We know swimming pool maintenance is our responsiblity but naively we thought it would be in usable condition on our arrival and thereafter we pay necessary charges.

Thank you again.


----------



## jojo (Sep 20, 2007)

If this property was found by you and shown via an agent, then despite the contract, he should take responsibity for making sure that both parties are happy - who is paying the agent???. So speak to them, demand that they come and explain all the points that concern you and what is to be done about it. If he doesnt, then threaten to pull out of the deal and find something else.

Jo xxx


----------



## xabiaxica (Jun 23, 2009)

jojo said:


> If this property was found by you and shown via an agent, then despite the contract, he should take responsibity for making sure that both parties are happy - who is paying the agent???. So speak to them, demand that they come and explain all the points that concern you and what is to be done about it. If he doesnt, then threaten to pull out of the deal and find something else.
> 
> Jo xxx


A lot of agents are only 'introducers' & have no on-going responsibility after the tenant moves in 

carusel needs to find out for sure exactly what the arrangement is - if the agent doesn't have a management contract with the owner, then the agent doesn't have to do anything at all, once the tenant has moved in


----------



## jojo (Sep 20, 2007)

xabiachica said:


> A lot of agents are only 'introducers' & have no on-going responsibility after the tenant moves in
> 
> carusel needs to find out for sure exactly what the arrangement is - if the agent doesn't have a management contract with the owner, then the agent doesn't have to do anything at all, once the tenant has moved in



I know! Most agents are only introducers, but they do have the initial responsibilty of making sure that all parties are happy before they can walk away

Jo xxx


----------



## xabiaxica (Jun 23, 2009)

jojo said:


> I know!

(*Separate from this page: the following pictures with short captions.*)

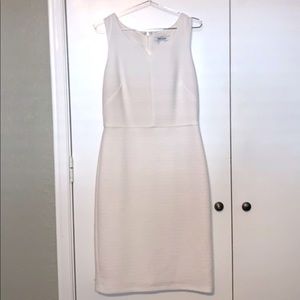 Black House White Market Textured White Dress Size US6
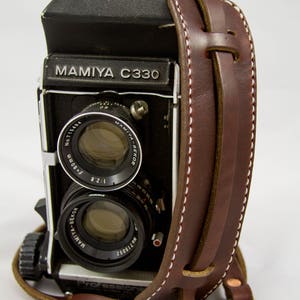 Leather Camera Neck Strap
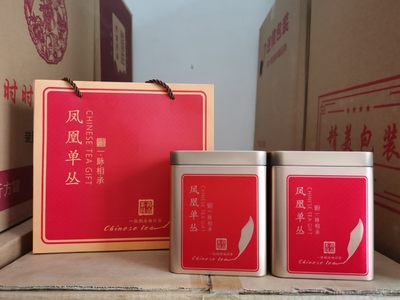 潮州高山茗茶新款一提半斤装礼盒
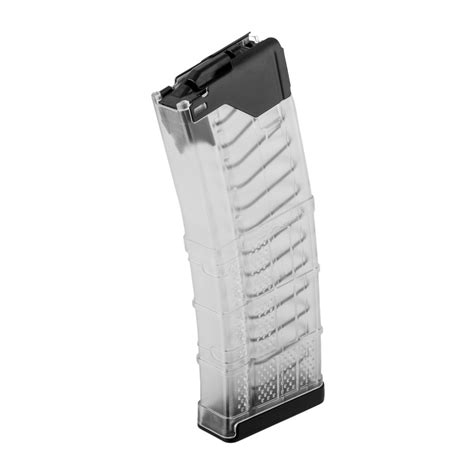 AR-15 L5AWM TRANSLUCENT CLEAR MAGAZINE 30-RD : LANCER SYSTEMS L5AWM ...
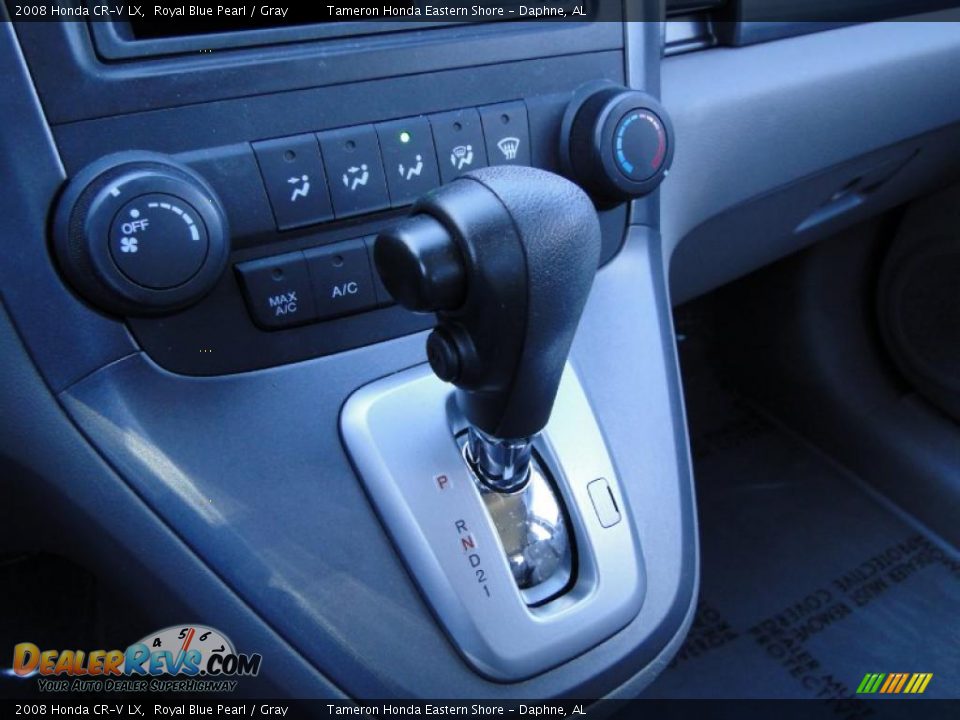 2008 Honda CR-V LX Shifter Photo #20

Most agents are only introducers, but they do have the initial responsibilty of making sure that all parties are happy before they can walk away
> 
> Jo xxx


not most, but a lot for sure

but no - if they are paid to simply introduce, then once the tenant is in & the contract in force between the tenant & owner - it's nothing to do with them

of course a _*good *_one would still try to help in this kind of situation - but they don't have to

as I said, carusel needs to find out what the arrangement is - certainly if the rent is paid via the agent there is responsibility there

if it isn't, then I certainly would be looking for somewhere else to live asap


----------



## dmret (Mar 12, 2013)

Absolutely


----------



## thrax (Nov 13, 2008)

In the end you are living there so my advice would be to get everything sorted so that life for you is good. The pool is very easy to deal with and a good pool maintenance company will fix it for you for around €50 - €80 and after that you can take care of it. If you need advice on how to take care of it, this is as good a place as you will find for advice. If your pool is green and lots of 'dirt' on the bottom, you need to buy a slow release chlorine powder, put in the recommended amount (as stated on the chlorine bucket) and set the filter to circulation for 24 hours. After that you need to buy an anti algae liquid which you put in the pool and leave overnight. All of the algae and particulate will sink to the bottom. You then need to clean with the suction device and set the filter to waste. After that, the pool will be clean and you need only put in multifunction tabs in the skimmer to keep it clean. The tabs we use are known as 10 multifunction and the make is Colorma.


----------



## carusel (Mar 14, 2015)

Hi xabiachica, jojo and thrax
Thank you again so much for all your advice. 
I can say that I know the agent got half her commission from us and the remainder was to come from the owner on further payments from us. I also know she was keen for us to sign her contract but the owner was adamant that he had his own drawn up for us to sign. She assures us his one is far better for the tenant!!
I have received an email this morning from the agent asking us to pen out all the issues and send to her and she will in turn contact the owner. Still a little uncertain there because the agent had advised us that he was in intensive care....fingers crossed he is on the road to recovery. I doubt though he'll be in any state or indeed frame of mind to want to deal with his new tenants' complaints. 
Let's wait and see. 
thrax....great detailed response on pool maintenance. Just what we needed. Thank you. 
Thanks again everyone. This forum is absolutely brilliant.


----------



## mrypg9 (Apr 26, 2008)

What kind of contract do you have? Is it for twelve months or longer? That's important as you have certain rights and cannot just be evicted on a landlord's whim.
Tenants in Spain have more 'real' power than landlords.


----------



## Justina (Jan 25, 2013)

*Tenants and their rights*



mrypg9 said:


> What kind of contract do you have? Is it for twelve months or longer? That's important as you have certain rights and cannot just be evicted on a landlord's whim.
> Tenants in Spain have more 'real' power than landlords.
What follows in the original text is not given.